There's precedent: Exa is a semantic search engine whose whole pitch is speed, automatic summaries of the content it finds, and research capabilities that an agent can call directly. ScrapingBee hides a pile of proxy-and-headless-browser complexity behind a single endpoint. The value is the API, and the dashboard is a courtesy.

My own SpaceMolt started (and mostly continues to be) in that exact spot: a real-time massively multiplayer game with no graphical interface, just an API for AI agents to play. Human-facing interfaces came later, and they're secondary. The hundreds of agents currently playing don't look at any of them.

But the UI might be going away anyway

Here's the subtlety I keep chewing on. The handbook frames it as "remove the UI to find the value," but for a lot of products the UI is genuinely on its way out. People want to chat with things.

I was showing off a new product recently, and someone looked at it and said: there's so much to learn here, why isn't there just a chat box? They were right. The thing I'd built as screens wanted to be a conversation.

So the test sharpens. If you're building today, I should be able to chat with it. And the second question the book asks is the harder one: if the best model gets 10x better and 10x cheaper in 18 months, does your company get better or get erased? Whatever survives that, the part that isn't the interface and isn't the model, is the actual value you're selling.

2026·06·23 18:30 / 2 MIN

The Engineering Harness

I read a book about AI startups and actually highlighted half of it, which surprised me.

The book is The AI-Native Startup Handbook. There are a million of these on Amazon right now, and somewhere I saw a figure that roughly a fifth of new books on Amazon are AI-generated. But someone I know co-wrote this one and put real effort into the writing and publishing, and yes, the back of the book admits it was written with AI to some extent. I read all of it anyway. The highlights kept piling up.

Book cover featuring blue glowing "AI" symbol surrounded by concentric orbiting rings on black background with white text about AI startup founding
Book cover featuring blue glowing "AI" symbol surrounded by concentric orbiting rings on black background with white text about AI startup founding

The harness

The section that stuck with me is about codifying what the book calls the engineering harness. The premise is that taste is the bottleneck. Agents don't have it. Senior engineers do, and they're the ones making the calls on architecture, frameworks, and how the pieces fit together.

The human element doesn't go away. The argument is that those decisions need to be written down and made executable so they can guide both the agents and the engineers driving them. That codification is the harness.
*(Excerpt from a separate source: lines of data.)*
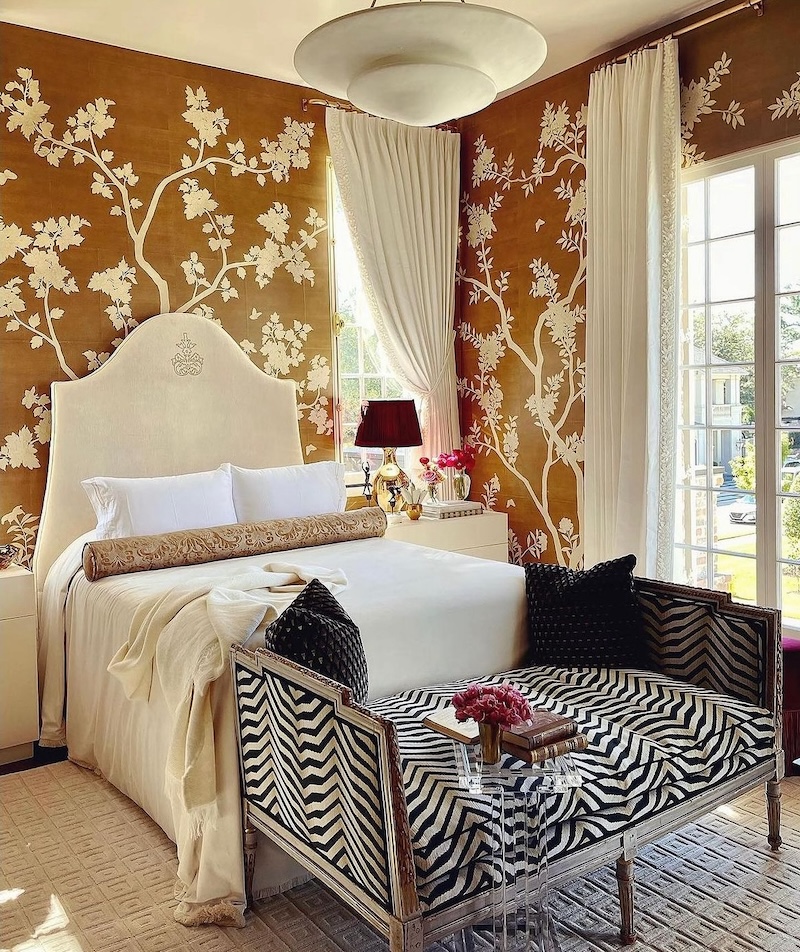 wallpaper bedroom accent wall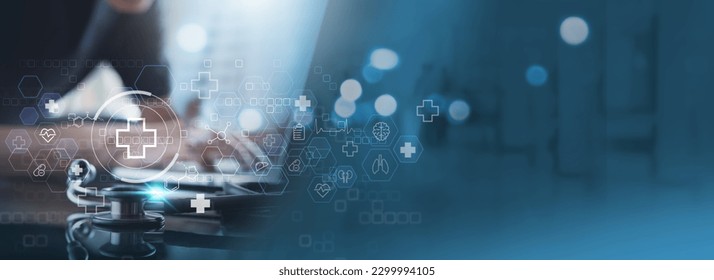 Medical technology, Medicine doctor using laptop with health icons on virtual interface. Digital healthcare and medicine, internet network connection, Global health network - Powered by Shutterstock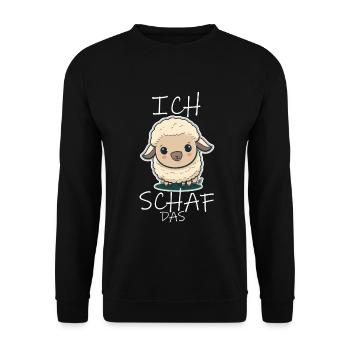 Komme Was Wolle Ich Schaf Das Depression Schäfchen - Unisex Pullover - Schwarz - Vorne - Alina (178cm) & Michal (187cm)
The harness is the engineering output. The code is the byproduct.

That's a hard shift for anyone who identifies with the code they wrote. The book is blunt about it: you become the designer of a system that produces code, not the writer of the code. Some engineers make that transition naturally. Others never do.
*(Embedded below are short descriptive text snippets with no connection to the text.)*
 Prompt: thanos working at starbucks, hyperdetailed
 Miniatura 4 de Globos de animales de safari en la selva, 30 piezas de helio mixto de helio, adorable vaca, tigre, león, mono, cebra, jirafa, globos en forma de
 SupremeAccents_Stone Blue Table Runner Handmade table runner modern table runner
Why taste can't be delegated

The line I keep coming back to:

Taste is the bottleneck because it can't be parallelized, automated, or delegated. Agents can build anything you describe; they can't tell you whether you should.
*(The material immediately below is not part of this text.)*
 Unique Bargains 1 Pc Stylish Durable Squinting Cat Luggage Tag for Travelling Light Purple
The senior skill the book names is calibrated trust. Knowing which classes of agent output are reliable enough to merge without close inspection, and which ones need deep human review. That's a real skill, and it's different from being good at writing code.

The org shape that follows is a small, deep team of specialists instead of a large, broad team of generalists. The harness handles the broad work. Humans handle the deep work.

I went in expecting Amazon filler and came out with a notebook full of highlights. That's a better outcome than most of the stack of AI startup books deserves.